Friendly fraud, also known as chargeback fraud, is on the rise. This type of fraud involves the legitimate cardholder making a purchase, then requesting a chargeback, claiming they didn’t authorize the payment or weren’t satisfied with the product or service.
Digital trust and safety solution provider Sift reports that chargebacks increased over 35% from Q1 to Q4 2022, and about one-fourth of consumers admit to committing friendly fraud.
Card Testing Fraud
Card testing fraud occurs when someone tests a stolen card to determine if they can use it to make purchases. They do this in several ways; some will validate cards by adding them to online accounts or apps that take payments. Others will run a series of transactions across several websites to see if a card declines or processes the payments. If they can successfully verify a stolen card, fraudsters will either resell it on the dark web or use it themselves.
If signs of card testing aren’t identified in time, merchants could face a financial crisis. Unfortunately, small- to medium-sized businesses and organizations that accept donations are often particularly vulnerable to card testing.
A type of fraud that is especially dangerous to ISOs, software providers and PayFacs is merchant fraud. This occurs when a fraudster poses as a legitimate company to steal from businesses and consumers.
These actors may offer expensive or rare items at bargain prices to entice people to buy something. In some cases, fraudsters may take the money and disappear completely. Other times, they may deliver counterfeit or low-quality products to customers who paid full price for what they assumed was genuine.
Unfortunately, payment providers are often liable for merchant fraud - primarily if the transactions occurred on their own platform.
Top 5 Tips to Reduce Payment Fraud
Although fraud rates are growing every year, there are processes you can implement to reduce your risks of becoming a victim. These five anti-fraud activities should be a part of every business’s fraud mitigation strategy:
- Carefully evaluate merchant services applications. Conduct in-depth risk-scoring analyses when onboarding new merchant accounts in compliance with Know Your Customer (KYC) and other regulations. Then, prioritize ongoing monitoring of their activities after they’re using your platform to watch for suspicious activity.
- Monitor transactions for irregularities. Stay vigilant for unusual behavior, such as large transaction volumes, purchases in different geographic regions, and payment activity at unusual times of the day. If you suspect foul play, notify your merchant or contact the consumer’s bank so they can investigate before releasing funds.

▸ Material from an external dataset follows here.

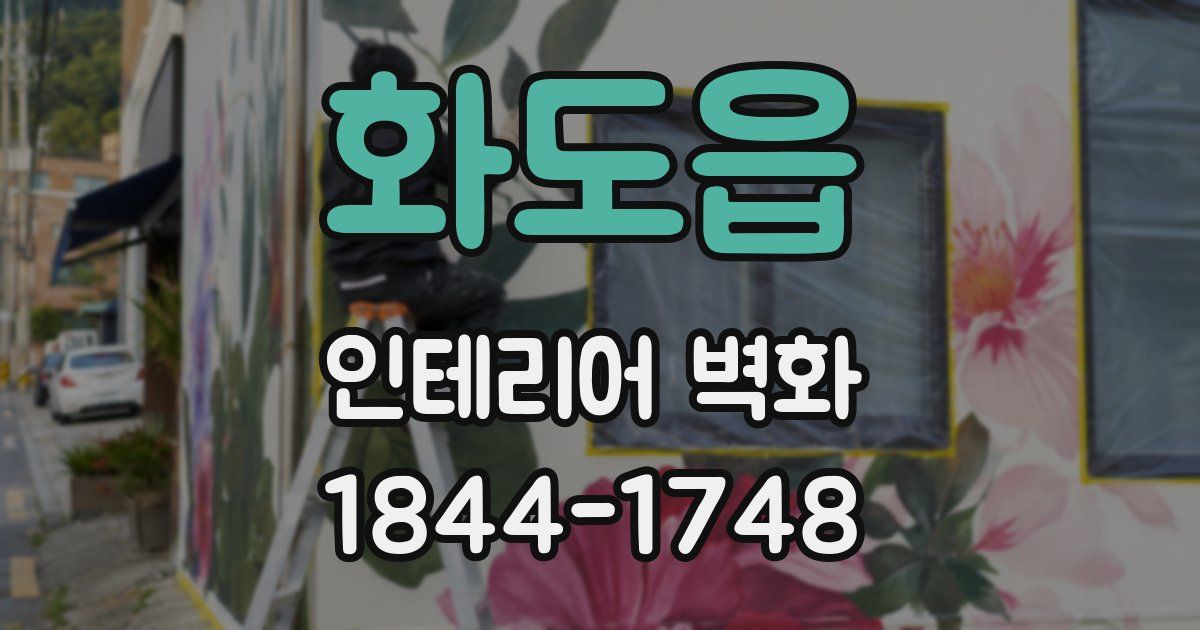 화도읍 인테리어 벽화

- Flag unusually large transactions. Keep an eye out for unusually large transactions or orders, and flag any that seem suspicious.
- Enforce multi-factor authentication. Ensure no one can access a merchant’s system without several ways to authenticate their identity. For instance, you may require a password, PIN and IP address to log in to your merchant portal.
- Use advanced, AI-powered fraud detection and prevention solutions. Solutions leveraging artificial intelligence (AI) can detect fraud, identify customers who pose a high risk and flag new accounts to prevent purchases by fraudsters who have committed identity theft.
Fight Back Against Payment Fraud
The tips above for reducing payment fraud will be more effective if you implement them with the help of technology, especially with advanced capabilities from AI. With real-time database searches and instant alerts, ISOs, software developers and PayFacs can use AI solutions like Kount to minimize their risk of attack and ensure they are KYC-compliant.
Other solutions, like our Automatic Card Testing Detection tool, detect anomalies in activity or behavior in near real-time, allowing you to stop fraudulent transactions before they harm your business.
Fraud should never be considered the cost of doing business—because the cost is too high. In addition to protecting your own interests, you have a responsibility to the merchants that rely on you for payment services (and the consumers who do business with them) to do all you can to protect their accounts and cardholder data.